If your site has millions of visitors per month, this isn’t a big deal.  You have enough traffic to hyper-optimize and test hundreds of small changes per month.  But what if, like most start-ups, you only have a few thousand visitors per month?  In these cases, testing small changes can invoke a form of analysis paralysis that prevents you from acting quickly.
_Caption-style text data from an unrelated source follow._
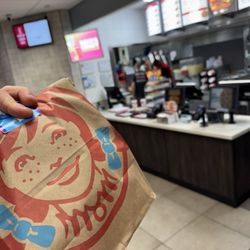 Wendy's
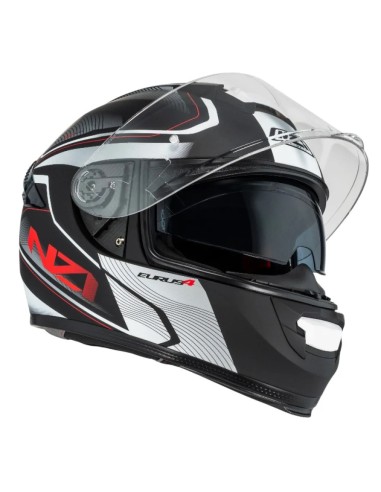 NZI CASCO EURUS 4 STREAM DUO CHARMANT en ALDAMOVIL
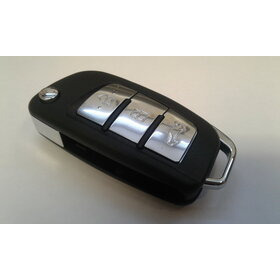 Keskuslukon kaukosäädin Aixam Sensation/Emotion/Ambition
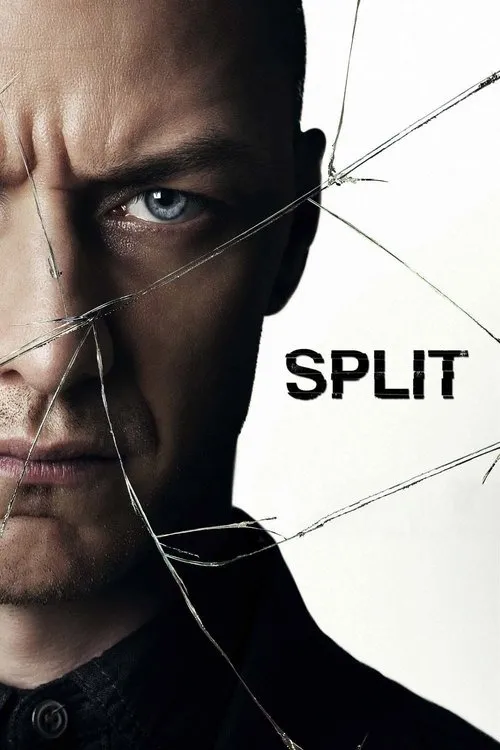 Parçalanmış film Türkçe İzle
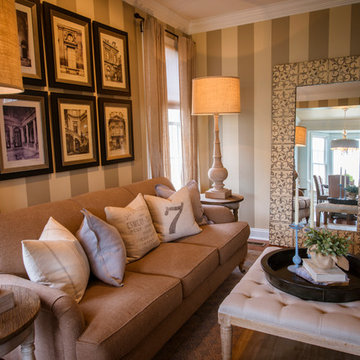 Reston Home Renovation
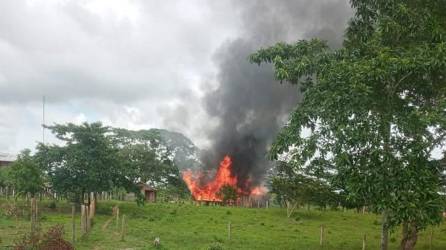 La muerte del joven ha desatado nuevos enfrentamientos a la autoridad en la zona.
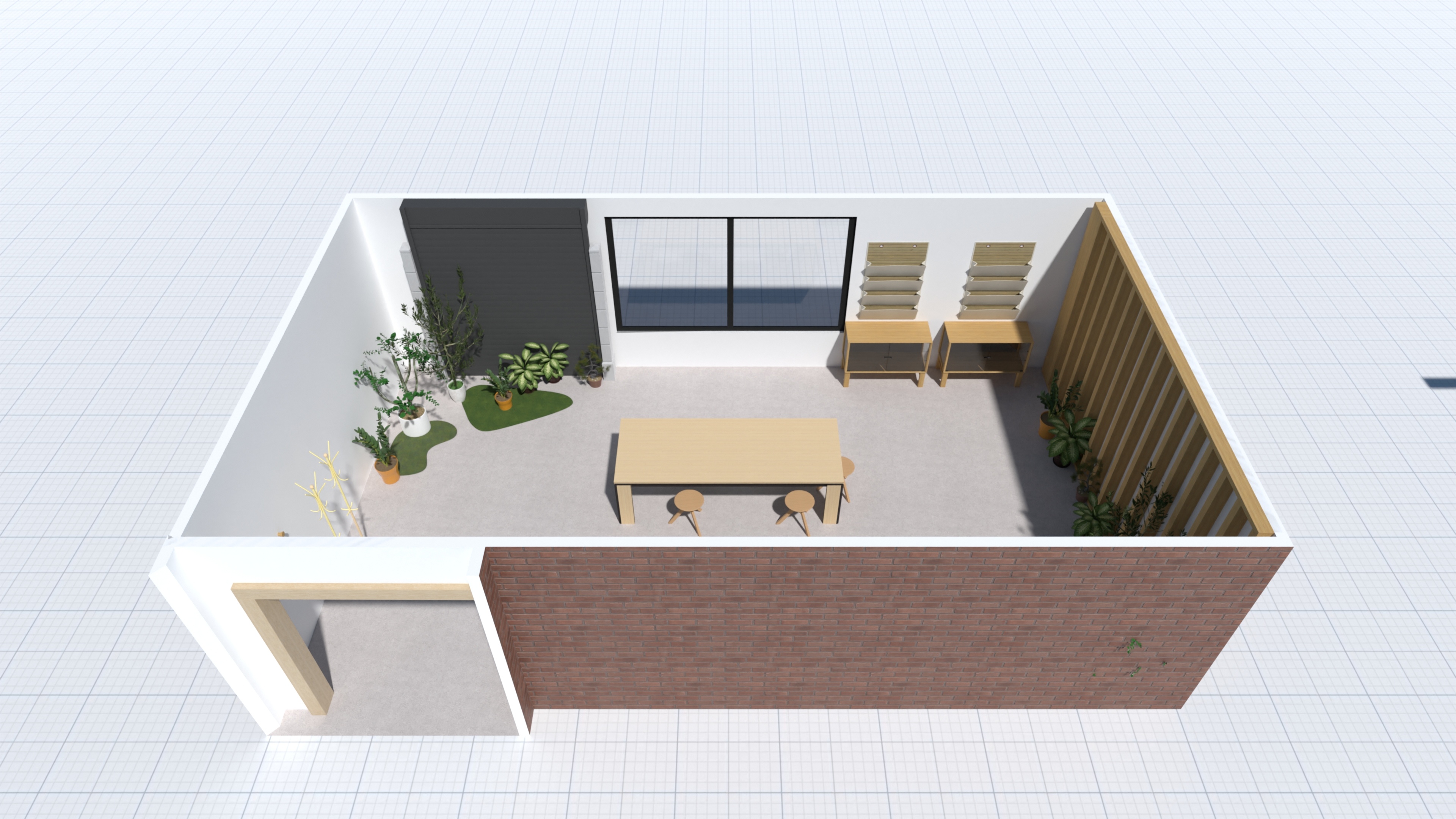 A Green Thumb copy copy #23482410 by Stella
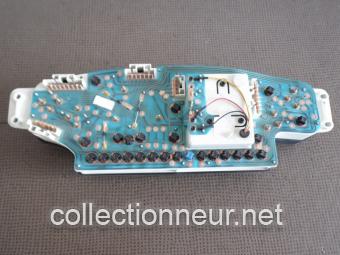 COMBINE D'INSTRUMENTS 46304623 FIAT COUPE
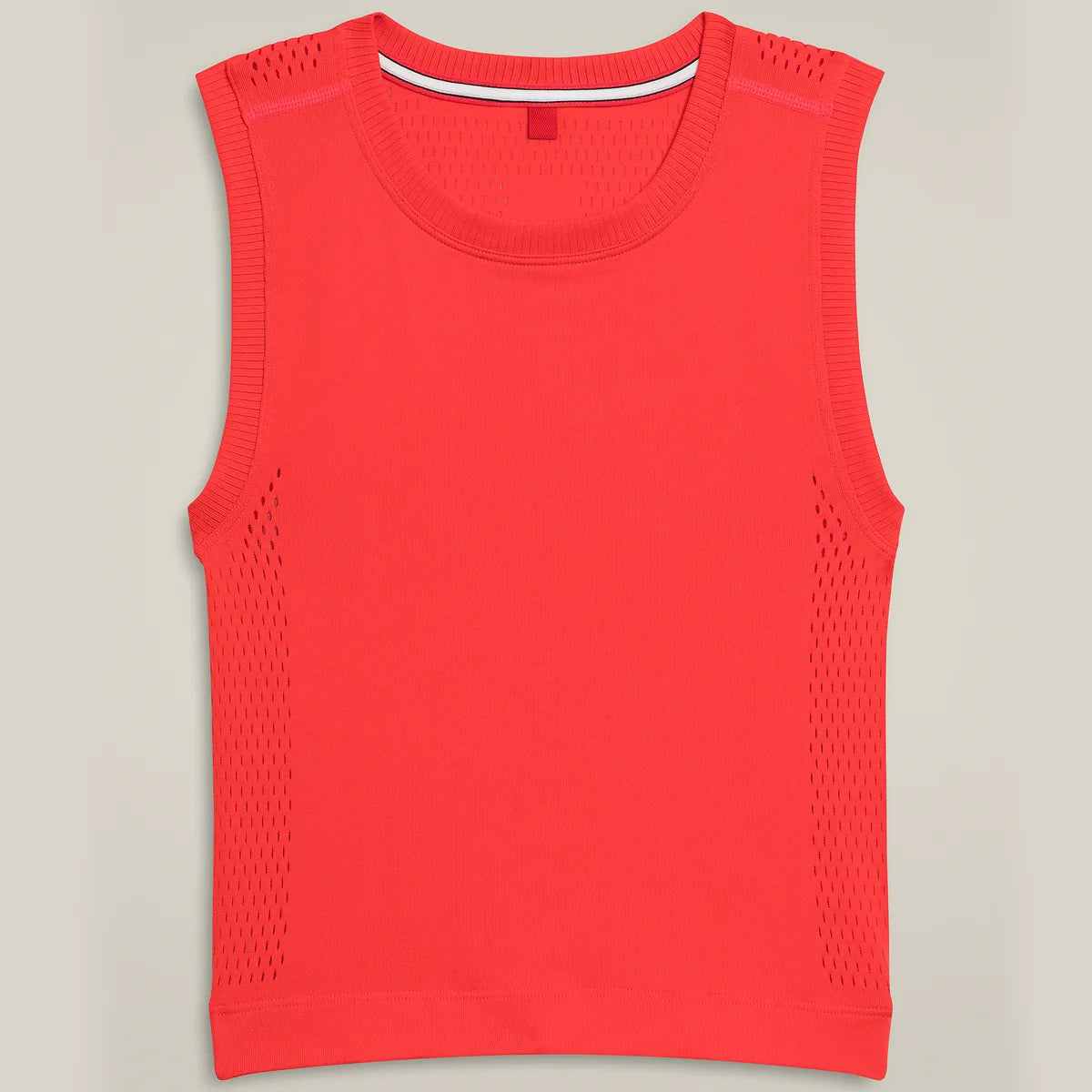 DEBARDEUR FEMME WILSON PRO SEAMLESS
Consider a site that has 10,000 visitors per month and has a 5.0% conversion rate.  The table below shows how long it will take to run a “conclusive” test (95% confidence) based on how much the change impacts conversion rate.

Starting
Conversion
Rate
New
Conversion
Rate
Total
Participants
Required
Test
Duration
Required
5.00% 5.20% 185,926 1.5 years
5.00% 5.40% 47,340 5 months
5.00% 5.60% 21,420 2 months
5.00% 5.80% 12,262 37 days
5.00% 6.00% 7,982 24 days
5.00% 6.20% 5,638 17 days
5.00% 6.40% 4,210 12 days
5.00% 6.60% 3,276 10 days
5.00% 6.80% 2,630 8 days
5.00% 6.90% 2,378 7 days
5.00% 7.00% 2,162 6.5 days
5.00% 7.20% 1,814 5.4 days
5.00% 7.40% 1,548 4.6 days
5.00% 7.60% 1,338 4.0 days
5.00% 7.80% 1,170 3.5 days
5.00% 8.00% 1,034 3.1 days

(Data assumes a Bernoulli Trial experiment with a two-tailed hypothesis test and all traffic being split 50/50 between the test groups.)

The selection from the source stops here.